Search code examples
pythonsql-serversqlalchemy

database locked when using sqlalchemy to_sql method


I have a function to upload a dataframe to a SQL server, defined as follows:


def uploadtoDatabase(data,columns,tablename):

    connect_string = urllib.parse.quote_plus(f'DRIVER={{ODBC Driver 17 for SQL Server}};Server=ServerName;Database=DatabaseName;Encrypt=yes;Trusted_Connection=yes;TrustServerCertificate=yes')
    engine = sqlalchemy.create_engine(f'mssql+pyodbc:///?odbc_connect={connect_string}', fast_executemany=False)
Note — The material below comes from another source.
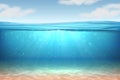 Realistic underwater background. Ocean deep water, sea under water level, sun rays blue wave horizon. Surface 3D vector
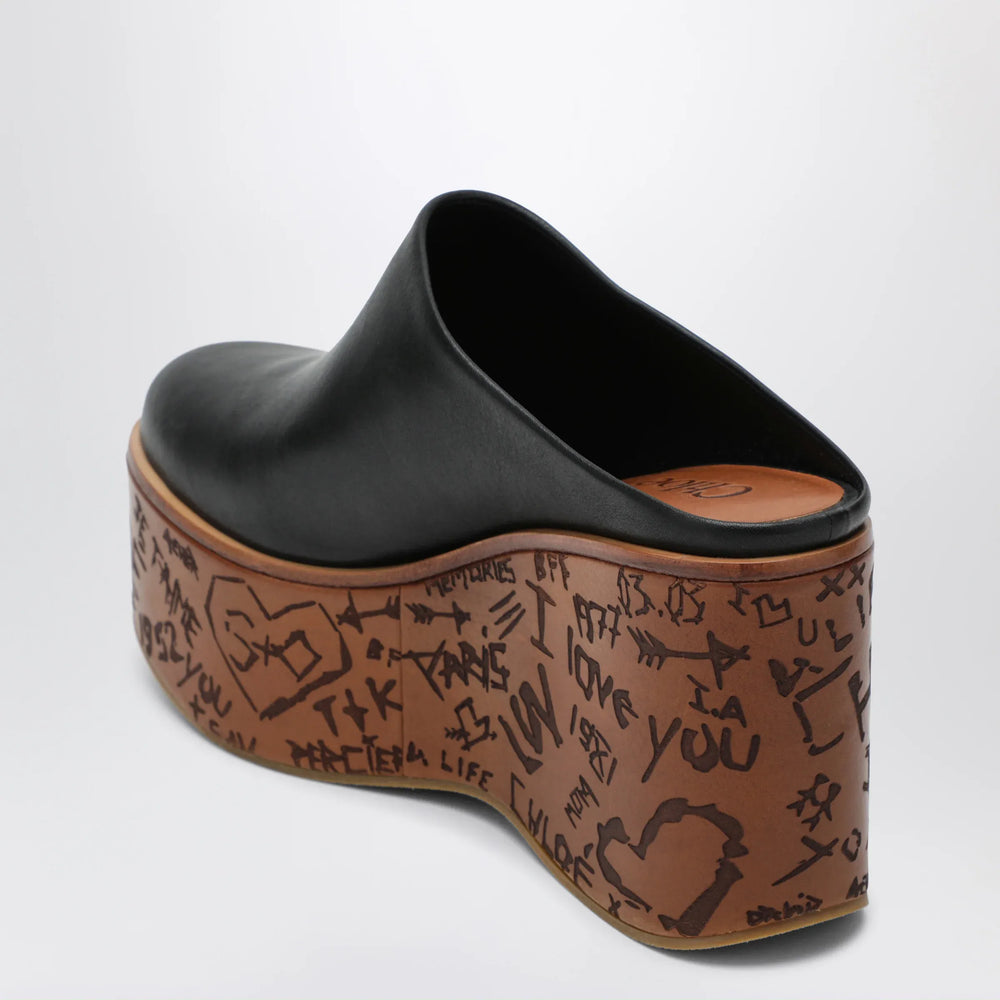 Chloé - Maxime wedge sabot in calfskin leather black Brand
    # define data to upload and chunksize (max 2100 parameters)
    requireddata = columns
    chunksize = 1000//len(requireddata)
    
    #convert boolean columns
    boolcolumns=data.select_dtypes(include=['bool']).columns
    data.loc[:,boolcolumns] = data[boolcolumns].astype(int)
    
    #convert objects to string
    objectcolumns=data.select_dtypes(include=['object']).columns
    data.loc[:,objectcolumns] = data[objectcolumns].astype(str)

    #load data
    with engine.connect() as connection:
      data[requireddata].to_sql(tablename, connection, index=False, if_exists='replace',schema = 'dbo')
      connection.close()

    engine.dispose()

I have tried different options but every time I execute this insert (4M records, which takes a while), the database is locked. Other processes are waiting on the Python process to finish.

Is there any way to ensure other database transactions continu to execute while this function is running, other than creating a for loop and execute the function multiple times on smaller batches of the data?


Solution

  • even expanding the table list is frozen in SSMS untill I kill the python proces

    You're using if_exists='replace' so you've dropped and recreated the table in the transaction. This gives you an exclusive metadata lock for the duration.

    If you want to do this concurrently, create all the tables ahead-of-time, at design time, or at runtime in a separate transaction. Then append the data.